In 2010 I fell in love. This new love changed my life in ways I could never imagine. My new love entertained me, showed me new places, saved me money and even stopped me from ever getting lost. In fact without my love this blog may never have been born. My love has revolutionised my life and I appreciate what it’s given me.
However recently as often happens in relationships I have noticed a negative side. An insidious, controlling side. As in all love affairs things have soured somewhat. I have noticed that my love is demanding. It is coming between me and my friends, my husband and even my children. It demands attention whenever or wherever I am. It is distracting, annoying and sometimes down right rude.
If you haven’t already guessed I’m talking about the love I have for my iPhone. It really is marvellous with its maps, mobile social networking, camera and other useful apps. It really has changed how I use my phone (and also makes me feel a little bit like I’m in Star Trek). However I the way I have been using my phone is verging on addiction. I check social networks around fifteen times a day. I google regularly and thats on top of texting and phone calls. Sometimes I just gaze at it, knowing their it has so many uses and wandering what to do next.
This has got to stop! At best it is distracting, at worst neglectful. I should not be playing with my children with my mind half focussed on twitter (it should be half on where I hid the chocolate biscuits, far more healthy). When I am spending time with my friends I should be focussing my attention on them.Plus my husband is infinitely more fun and interesting than Facebook.
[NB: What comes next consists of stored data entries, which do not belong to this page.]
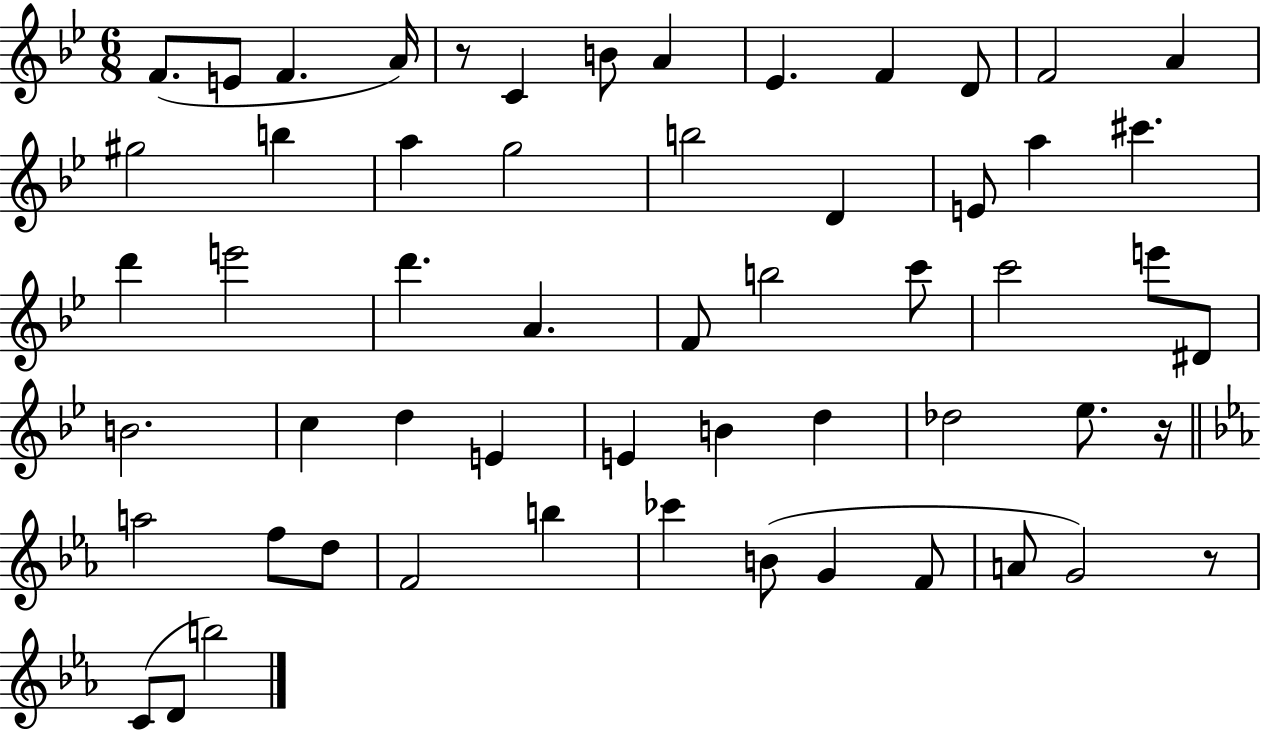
{
  \clef treble
  \numericTimeSignature
  \time 6/8
  \key bes \major
  \repeat volta 2 { f'8.( e'8 f'4. a'16) | r8 c'4 b'8 a'4 | ees'4. f'4 d'8 | f'2 a'4 | \break gis''2 b''4 | a''4 g''2 | b''2 d'4 | e'8 a''4 cis'''4. | \break d'''4 e'''2 | d'''4. a'4. | f'8 b''2 c'''8 | c'''2 e'''8 dis'8 | \break b'2. | c''4 d''4 e'4 | e'4 b'4 d''4 | des''2 ees''8. r16 | \break \bar "||" \break \key ees \major a''2 f''8 d''8 | f'2 b''4 | ces'''4 b'8( g'4 f'8 | a'8 g'2) r8 | \break c'8( d'8 b''2) | } \bar "|."
}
It has also become obvious that the person suffering most in all this is me. My already fragile mind has felt splintered, and distracted. Always thinking about something else or trying to do two things at once. Feeling that if I don’t keep on top of all this virtual interaction my blog will suffer, my stats will fall. This all feels important because I’m writing this blog dreaming of a something that takes this passion I have into a clearer form and makes it a career for me.
Regardless my first priority is and always will be my children so I am drawing a line in the sand here. I will not be social networking when I am with them. When I am in my mum/cleaner/cook/taxi service role I will commit to being that. This will be a hard habit to break, particularly when my husband is indulging his passion for Words With Friends. It is right there in my pocket, so easy to grab and have a quick peek.
Tomorrow I will be spending a (probably rainy) day at home with my children and I will be with them, present in the moment. You will not see me on twitter, I will not be responding to comments. To modernise an old saying social networking will be here tomorrow, my baby won’t keep. Feel free to comment letting me know how you cope with the pull of the smart phone or laptop. I will be excitedly checking comments in the evening when my children are in bed.